La commission parlementaire sur l’affaire d’Outreau doit travailler "en veillant au respect de l’autorité judiciaire"

C’est ce qu’a affirmé le président de la République dans un communiqué.

Le Président de la république avait été saisi par le Conseil supérieur de la magistrature qui déplorait que les magistrats "aient été interrogés sur l’élaboration de leurs décisions".

La commission parlementaire sur l’affaire d’Outreau doit travailler "dans la sérénité et en veillant au respect de l’autorité judiciaire et de ceux qui la composent", a jugé jeudi Jacques Chirac dans un communiqué.

Le chef de l’Etat a reçu jeudi matin durant une heure le premier président de la Cour de cassation Guy Canivet et le procureur général près la Cour de cassation Jean-Louis Nadal, pour "recueillir leur analyse sur le débat sur la justice qui s’est ouvert à la suite de l’affaire d’Outreau et sur le trouble qu’il a pu susciter dans la magistrature", selon un communiqué de l’Elysée.

"Le Président de la République a tenu à rappeler que la création de la Commission d’enquête parlementaire sur l’affaire d’Outreau ne saurait être regardée comme portant atteinte à l’indépendance de l’autorité judiciaire, dont il est le garant, ni au principe fondamental de la séparation des pouvoirs", selon ce communiqué.

"Les travaux de cette commission dont l’objet est de rechercher les causes du dysfonctionnement de la justice dans l’affaire Outreau et de formuler des propositions de réforme, doivent se poursuivre dans la sérénité et en veillant au respect de l’autorité judiciaire et de ceux qui la composent", a ajouté le chef de l’Etat.

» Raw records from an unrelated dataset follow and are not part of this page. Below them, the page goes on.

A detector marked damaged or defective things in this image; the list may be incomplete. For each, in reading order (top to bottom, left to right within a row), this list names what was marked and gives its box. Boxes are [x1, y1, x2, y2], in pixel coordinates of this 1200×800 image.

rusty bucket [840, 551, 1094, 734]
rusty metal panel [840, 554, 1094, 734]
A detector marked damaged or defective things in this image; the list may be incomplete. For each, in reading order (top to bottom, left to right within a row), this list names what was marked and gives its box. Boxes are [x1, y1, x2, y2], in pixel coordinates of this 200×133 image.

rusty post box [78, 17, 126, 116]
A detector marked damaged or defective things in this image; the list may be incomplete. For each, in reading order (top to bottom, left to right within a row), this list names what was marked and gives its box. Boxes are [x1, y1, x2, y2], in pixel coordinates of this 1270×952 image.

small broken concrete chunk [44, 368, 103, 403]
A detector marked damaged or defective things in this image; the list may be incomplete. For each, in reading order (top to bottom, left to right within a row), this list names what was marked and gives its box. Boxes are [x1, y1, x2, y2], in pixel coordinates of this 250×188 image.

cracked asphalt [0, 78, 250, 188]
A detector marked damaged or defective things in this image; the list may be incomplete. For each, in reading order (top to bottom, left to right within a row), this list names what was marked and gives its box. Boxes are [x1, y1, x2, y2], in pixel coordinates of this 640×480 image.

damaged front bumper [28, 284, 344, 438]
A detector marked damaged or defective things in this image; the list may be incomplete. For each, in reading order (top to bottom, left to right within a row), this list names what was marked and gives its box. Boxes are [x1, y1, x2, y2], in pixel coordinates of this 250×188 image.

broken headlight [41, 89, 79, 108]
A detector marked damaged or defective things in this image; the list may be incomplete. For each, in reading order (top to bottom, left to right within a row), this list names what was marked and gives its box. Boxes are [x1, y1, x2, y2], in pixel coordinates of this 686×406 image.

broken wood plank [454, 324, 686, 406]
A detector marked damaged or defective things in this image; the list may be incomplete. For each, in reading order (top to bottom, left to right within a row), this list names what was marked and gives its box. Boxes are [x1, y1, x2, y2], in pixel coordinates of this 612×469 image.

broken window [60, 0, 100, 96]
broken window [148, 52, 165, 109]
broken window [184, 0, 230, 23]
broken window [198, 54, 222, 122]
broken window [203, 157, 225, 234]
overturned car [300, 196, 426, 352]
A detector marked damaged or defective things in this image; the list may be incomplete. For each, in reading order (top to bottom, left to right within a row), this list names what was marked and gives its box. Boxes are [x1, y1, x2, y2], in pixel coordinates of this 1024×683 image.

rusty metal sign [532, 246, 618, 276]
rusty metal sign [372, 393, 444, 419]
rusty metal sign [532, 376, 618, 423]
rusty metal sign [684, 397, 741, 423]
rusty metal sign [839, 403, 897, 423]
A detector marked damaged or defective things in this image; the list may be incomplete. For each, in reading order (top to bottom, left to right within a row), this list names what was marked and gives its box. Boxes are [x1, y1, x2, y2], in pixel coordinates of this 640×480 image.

Le président de la commission d’enquête parlementaire sur Outreau André Vallini (PS) avait répondu aux critiques des magistrats en déclarant qu’au lieu "de redouter notre travail, les magistrats" devaient "s’en réjouir", après le déluge de critiques émanant des magistrats et de leurs plus hautes instances.

"Notre travail ne remet en cause ni l’indépendance de la justice ni la séparation des pouvoirs", a affirmé M. Vallini, réagissant au rappel à l’ordre vendredi du Conseil supérieur de la magistrature (CSM ).

"L’affaire d’Outreau est définitivement jugée et nous ne sommes pas là pour refaire ni son procès ni son instruction", a-t-il assuré, rappelant que l’objet de la commission était de rechercher les causes des dysfonctionnements de la justice et de formuler des propositions de réforme.

La commission d’enquête parlementaire sur Outreau avait été rappelée à l’ordre vendredi par le Conseil supérieur de la magistrature (CSM ) qui a "déploré" les conditions d’audition des magistrats, signe d’une tension grandissante entre le monde politique et judiciaire.

Le CSM avait estimé "de son devoir" de rappeler les principes "fondamentaux" de la séparation des pouvoirs et de l’indépendance des juges, dans un avis au chef de l’Etat Jacques Chirac, garant de l’indépendance de la magistrature et qui préside officiellement le CSM .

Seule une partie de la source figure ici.